= Brief =
Nothing should be output except the lines from the top of the material below through the line that contains "Pair Front Headlight", each exactly as written.
━━━ Recorded information ━━━
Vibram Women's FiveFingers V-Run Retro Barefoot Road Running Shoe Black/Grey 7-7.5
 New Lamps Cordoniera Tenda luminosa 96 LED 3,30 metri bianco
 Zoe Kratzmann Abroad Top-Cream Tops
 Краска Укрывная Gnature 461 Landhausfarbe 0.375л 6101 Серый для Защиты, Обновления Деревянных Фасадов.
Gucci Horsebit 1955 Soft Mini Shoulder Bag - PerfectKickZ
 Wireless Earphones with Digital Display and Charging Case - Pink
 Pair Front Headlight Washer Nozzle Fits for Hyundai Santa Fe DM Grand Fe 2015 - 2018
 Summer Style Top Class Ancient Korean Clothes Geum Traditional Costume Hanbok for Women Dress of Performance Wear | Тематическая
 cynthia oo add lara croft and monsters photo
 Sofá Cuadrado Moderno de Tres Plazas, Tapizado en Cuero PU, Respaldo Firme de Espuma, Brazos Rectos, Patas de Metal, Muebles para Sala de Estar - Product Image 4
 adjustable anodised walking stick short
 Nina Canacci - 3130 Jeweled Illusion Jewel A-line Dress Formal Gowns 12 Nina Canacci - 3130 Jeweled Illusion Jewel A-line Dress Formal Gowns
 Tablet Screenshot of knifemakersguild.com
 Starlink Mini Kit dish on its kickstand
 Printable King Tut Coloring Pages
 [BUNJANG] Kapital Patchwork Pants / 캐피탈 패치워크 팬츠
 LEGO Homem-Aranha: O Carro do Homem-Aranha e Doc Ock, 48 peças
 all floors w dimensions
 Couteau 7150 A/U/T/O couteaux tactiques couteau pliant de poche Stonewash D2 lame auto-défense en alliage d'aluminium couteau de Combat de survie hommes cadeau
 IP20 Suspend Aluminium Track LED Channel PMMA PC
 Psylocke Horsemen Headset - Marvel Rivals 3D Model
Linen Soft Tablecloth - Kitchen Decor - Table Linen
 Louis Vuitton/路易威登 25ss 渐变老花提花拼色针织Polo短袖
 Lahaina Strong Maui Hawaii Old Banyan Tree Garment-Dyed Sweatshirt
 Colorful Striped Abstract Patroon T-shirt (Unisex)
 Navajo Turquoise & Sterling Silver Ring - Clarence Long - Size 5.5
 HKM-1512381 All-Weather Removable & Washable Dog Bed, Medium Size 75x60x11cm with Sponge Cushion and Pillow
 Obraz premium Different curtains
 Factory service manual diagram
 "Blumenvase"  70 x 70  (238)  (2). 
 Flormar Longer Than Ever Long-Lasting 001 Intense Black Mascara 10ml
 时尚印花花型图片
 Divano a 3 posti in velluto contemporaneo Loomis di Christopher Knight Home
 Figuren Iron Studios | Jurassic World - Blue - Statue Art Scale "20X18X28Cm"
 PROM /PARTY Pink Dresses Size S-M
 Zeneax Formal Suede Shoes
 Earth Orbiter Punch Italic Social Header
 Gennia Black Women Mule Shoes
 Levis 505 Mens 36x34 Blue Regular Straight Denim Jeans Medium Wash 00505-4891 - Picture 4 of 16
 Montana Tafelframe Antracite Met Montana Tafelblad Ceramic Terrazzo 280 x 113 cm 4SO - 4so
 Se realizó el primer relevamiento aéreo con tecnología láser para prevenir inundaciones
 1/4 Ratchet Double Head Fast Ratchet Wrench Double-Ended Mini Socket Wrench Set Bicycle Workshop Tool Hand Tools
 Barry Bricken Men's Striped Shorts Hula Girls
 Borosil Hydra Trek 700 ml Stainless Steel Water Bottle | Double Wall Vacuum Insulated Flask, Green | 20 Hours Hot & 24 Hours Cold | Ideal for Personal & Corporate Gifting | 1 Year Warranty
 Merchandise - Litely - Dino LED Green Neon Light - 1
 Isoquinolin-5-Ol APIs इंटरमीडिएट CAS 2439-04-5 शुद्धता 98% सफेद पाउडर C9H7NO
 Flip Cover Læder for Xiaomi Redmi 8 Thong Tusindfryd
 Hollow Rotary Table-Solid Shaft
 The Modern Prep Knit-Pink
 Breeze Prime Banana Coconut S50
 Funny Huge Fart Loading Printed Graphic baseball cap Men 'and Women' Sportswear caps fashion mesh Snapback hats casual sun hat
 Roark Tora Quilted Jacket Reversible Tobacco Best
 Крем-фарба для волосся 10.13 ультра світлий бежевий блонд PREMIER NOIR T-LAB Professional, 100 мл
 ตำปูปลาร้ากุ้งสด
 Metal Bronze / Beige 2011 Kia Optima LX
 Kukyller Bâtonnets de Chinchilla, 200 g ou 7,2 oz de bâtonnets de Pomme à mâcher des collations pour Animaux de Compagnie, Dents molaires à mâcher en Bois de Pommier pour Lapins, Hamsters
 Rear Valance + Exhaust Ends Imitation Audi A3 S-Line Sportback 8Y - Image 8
━━━
= Response =
Vibram Women's FiveFingers V-Run Retro Barefoot Road Running Shoe Black/Grey 7-7.5
 New Lamps Cordoniera Tenda luminosa 96 LED 3,30 metri bianco
 Zoe Kratzmann Abroad Top-Cream Tops
 Краска Укрывная Gnature 461 Landhausfarbe 0.375л 6101 Серый для Защиты, Обновления Деревянных Фасадов.
Gucci Horsebit 1955 Soft Mini Shoulder Bag - PerfectKickZ
 Wireless Earphones with Digital Display and Charging Case - Pink
 Pair Front Headlight Washer Nozzle Fits for Hyundai Santa Fe DM Grand Fe 2015 - 2018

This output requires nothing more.